2 cups fresh basil leaves, (can sub half the basil leaves with Italian parsley)
1/2 cup freshly grated Romano or Parmesan cheese (about 2 ounces)
1/2 cup extra virgin olive oil
1/3 cup pine nuts (can sub chopped walnuts)
3 cloves garlic, minced (about 1 tablespoon)
1/4 teaspoon salt, or more to taste
1/8 teaspoon freshly ground black pepper, or more to taste
pasta of your choice (I used Orecchiette)
Place the basil leaves and pine nuts into the bowl of a food processor and pulse several times. Add the garlic and Parmesan or Romano cheese and pulse several times more. Scrape down the sides of the food processor with a rubber spatula.
While the food processor is running, slowly add the olive oil in a steady small stream.

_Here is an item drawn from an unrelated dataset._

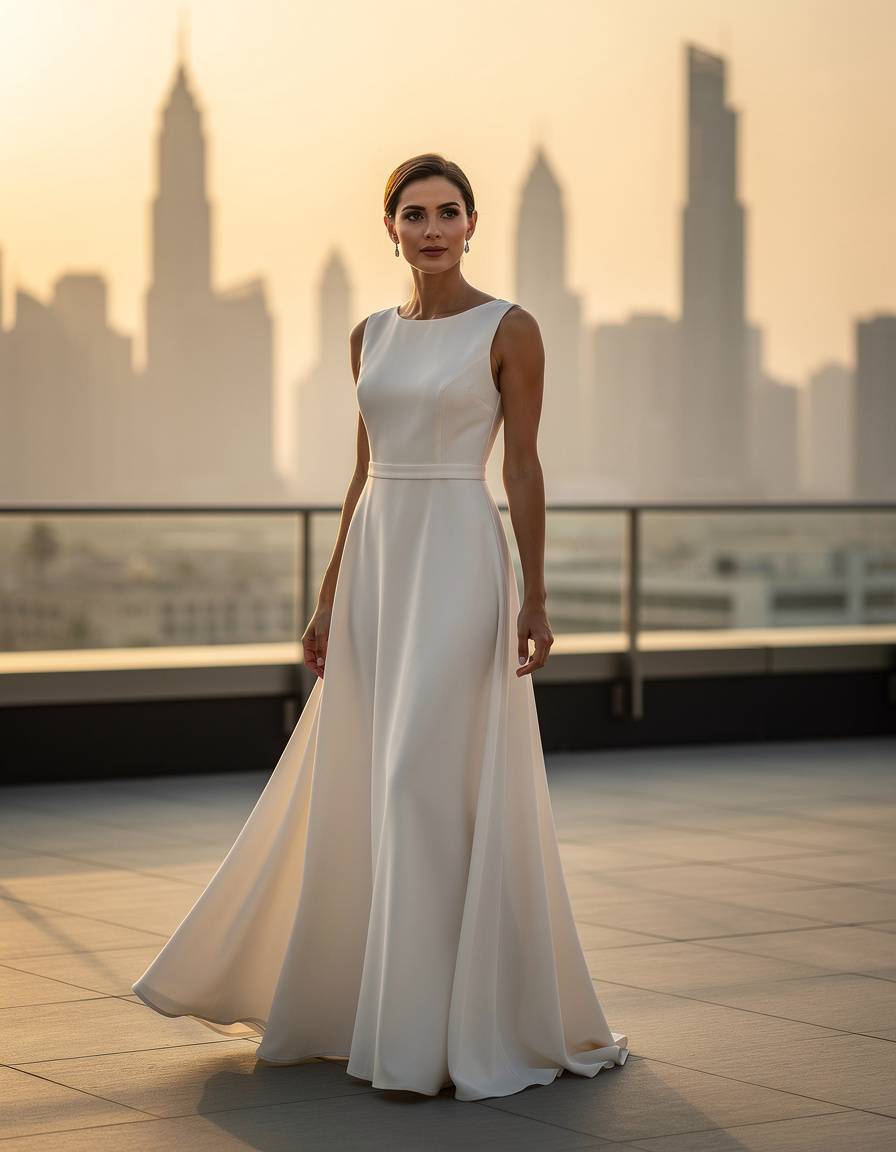 Photorealistic full-body editorial fashion photograph of one adult woman in a flowing ivory evening dress on a clean modern rooftop terrace in Dubai, refined modest neckline, warm sunset light, soft contemporary skyline without identifiable landmarks, natural standing pose, realistic anatomy, clear garment silhouette, no readable text, no logo, no watermark.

Adding the olive oil slowly while the processor is running will help it emulsify and help keep the olive oil from separating. Occasionally, stop to scrape down the sides of the food processor.
Add salt and freshly ground black pepper to taste.
Cook the pasta in a large pot of boiling water until done. Drain, Toss the pesto with the pasta and serve.
Really easy to make, but rich and full of flavor!!! Good hot or cold.
Pesto is not just for pasta, from sides to appetizers, pesto is a versatile sauce that is easily enjoyed in or on many different dishes. Try it over baked potatoes, for caprese salad, spread over crackers or toasted slices of bread.